A massive asteroid the size of 112 Dromedary camels is set to pass by Earth on Wednesday, the holiday of Shushan Purim, according to NASA's asteroid tracker.
The asteroid in question has been designated 2023 DQ, having been discovered fairly recently this year, according to the Center for Near-Earth Object Studies (CNEOS) at NASA's Jet Propulsion Laboratory (JPL).
Its arrival also coincides with Shushan Purim, which is when Purim is celebrated in a select few cities, such as Jerusalem.
How big is the asteroid coming toward Earth in 2023?
Asteroid 2023 DQ is pretty large, all things considered, with NASA estimating its maximum diameter at 270 meters.
For comparison, the average Dromedary camel, meaning the large single-humped camels, can grow to be around 2.4 meters in height. This means that the diameter of this asteroid is as much as over 112 Dromedary camels stacked atop one another foot to hump.
Naturally, these camels will also be very heavy, but it is undoubtedly clear that this large asteroid is far, far heavier, even if it turns out to be a rubble pile.
When it comes to speed, the comparison isn't even close.
These camels can run at a speed of around 19 kilometers per hour, according to some estimates. This is faster than one might expect of these large desert animals.
However, asteroid 2023 DQ is considerably faster, clocking in at 22.84 kilometers per second, or 82,224 kilometers per hour.

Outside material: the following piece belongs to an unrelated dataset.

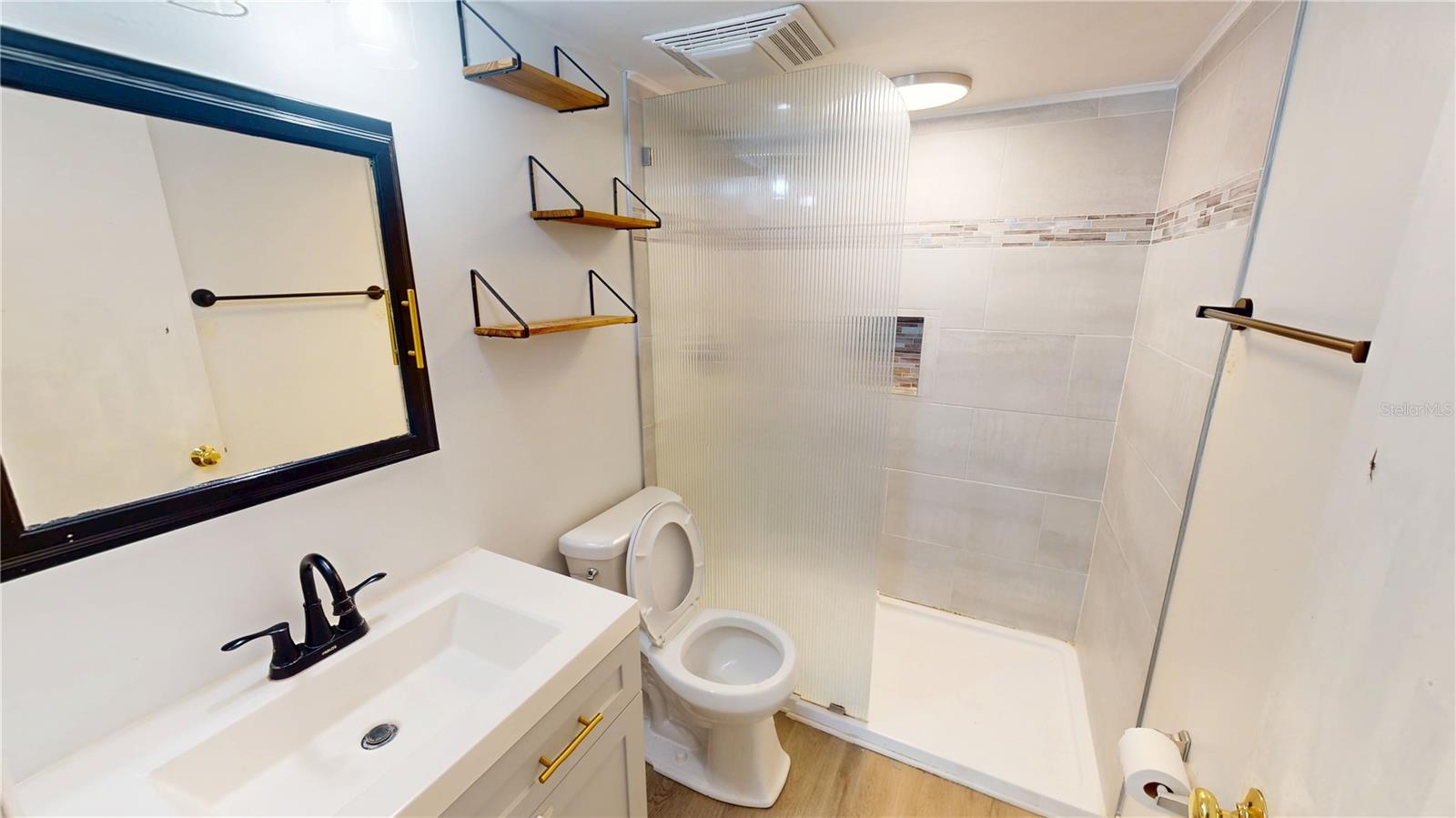 4030 CORTEZ DR #B — photo 7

Sorry, camels. You may be seen in some cultures as racing animals, but this is one race you can't win.
Is an asteroid going to hit Earth in 2023?
Asteroid 2023 DQ is very large and its orbit is taking it relatively close to Earth, at least on a cosmic scale.

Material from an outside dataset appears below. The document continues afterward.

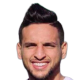 https://img.833zhibop.com.cn/img/football/player/3fd23b21c83269fb50722d874bb52690.png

Because in practice, there's no chance of it hitting the planet.
At most, asteroid 2023 DQ will fly within around 2.3 million kilometers of the Earth. This isn't too far, but it's much farther than the Moon, which orbits the Earth at a distance of around 384,000 kilometers.
And we should be thankful for that too, because if this asteroid did actually hit the Earth, it would certainly be big enough to do some major damage. The Davidson Institute of Science, the educational arm of Israel's Weizmann Institute of Science, has said that an asteroid 140 meters in diameter or more would release an amount of energy at least a thousand times greater than that released by the first atomic bomb.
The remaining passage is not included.